Enclosures are designed to protect sensitive electronic and electrical items from the often challenging environments in which they are installed. The temperature within the enclosure is always an important consideration to maximise service life of the equipment inside.  

Maintaining an internal temperature within an enclosure is important to ensure prolonged service life of the equipment inside. Because heat is trapped inside enclosures designed to protect against the ingress of solid objects and water an active cooling solution is often required. 
 
When considering climate control options it is important to ensure that the solution is right for the environment in which it will operate and also the type of product being processed and/or the location of the equipment on site. 

Consider the ambient temperature of the facility – if it remains lower throughout the entire year than the desired temperature inside the enclosure then fan-and-filter units and air-to-air heat exchangers should be effective. They use ambient air to remove heat energy from the enclosure and dissipate it into the local environment.

If the ambient temperature rises above the required internal temperature of the enclosure then units with active cooling circuits should be used. Wall/roof-mounted cooling units use refrigerant as an intermediate medium to remove the excess heat from enclosures, transferring it to the surrounding ambient air, and maintain the desired conditions. 

Air-to-water heat exchangers, as the name suggests, transfer unwanted heat to water, transporting it away from the enclosure to centralised cooling plant, possibly outdoors, where it may be more easily dissipated. Air-to-water heat exchangers can offer a more hygienic solution than cooling units, so are suited to use in food processing applications. They do not require a supply of ambient air and have no louvres. They can have a very simple housing that has no dirt traps and is very easy to clean.

Dusty or acidic contamination can interfere with switchgear and cause short circuits or a reduction in service life. Applying filter mats to fan and filter units will help, but if the environment is extremely contaminated do consider installing an air-to-air heat exchanger, cooling unit or air-to-water heat exchanger, which all have sealed internal air-paths and thus ensure contaminated air is not drawn into the enclosure.

Cleaning and maintenance 
Establishing a regular inspection and cleaning routine for cooling equipment is good practice. Consider using vacuum cleaning units with filter mats to remove any dust and debris, which can starve the fan and the cooling circuit of air.  This will result in the unit working harder for longer.

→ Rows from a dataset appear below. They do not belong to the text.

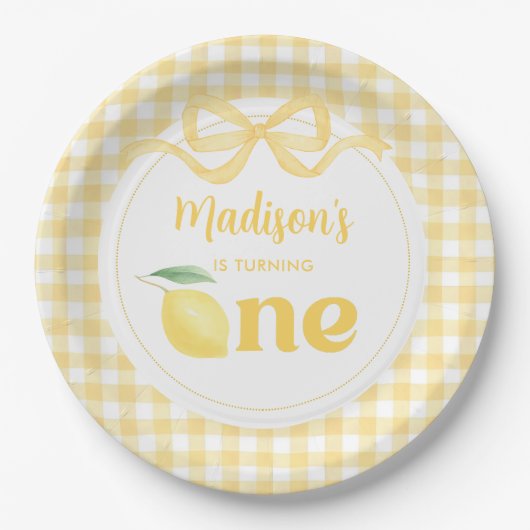 Gingham Lemon Themd 1e verjaardag Papieren Bordje (Voorkant)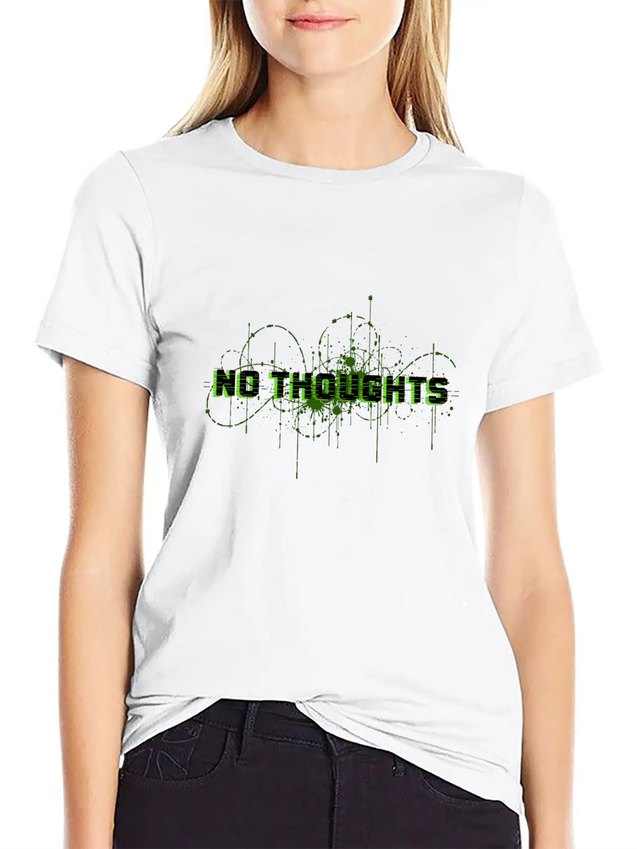 No Thoughts - Digital Glitch Art Typography Lightweight Cotton T-Shirt – Daily Comfort Graphic Shirt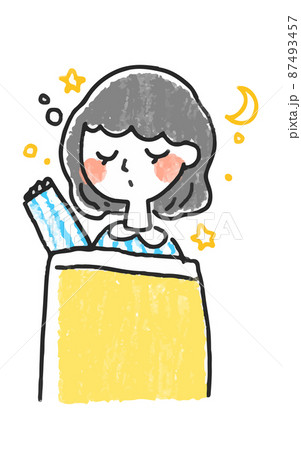 健康のために睡眠をとる女性 眠る女性 健康のために睡眠をとる女性 眠る女性 87493457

Cooling systems must also be kept clean to maintain the highest levels of hygiene. Some will be cleaned daily with pressure washers and jet steam cleaners, in which case use a solution that meets the ingress protection (IP) rating demanded by the site and install additional cowls or covers as needed.

Reducing costs
It is important, from both an environmental and a cost-saving standpoint, to adopt the most energy-efficient technologies. With a spotlight on carbon footprints and energy prices rising, the energy consumed by manufacturing processes should be reduced, where possible.

An energy efficient enclosure cooling solution from Rittal is available in the form of its Blue e+ cooling unit which incorporates heat pipe technology, delivering cooling in a similar manner to an air-to-air heat exchanger, using fans alone, when the ambient temperature is sufficiently low. As the ambient temperature rises and the heat pipe is not able to satisfy demand, speed-controlled components provide additional mechanical cooling, but only as much as is needed. If the ambient temperature exceeds the temperature required in the panel, active cooling alone is supplied, but, again, no more than is necessary. With many production facilities now working around the clock and throughout the whole year this heat pipe and inverter technolo-gy can deliver typical energy savings of around 75% when compared to tradtitional cooling solutions.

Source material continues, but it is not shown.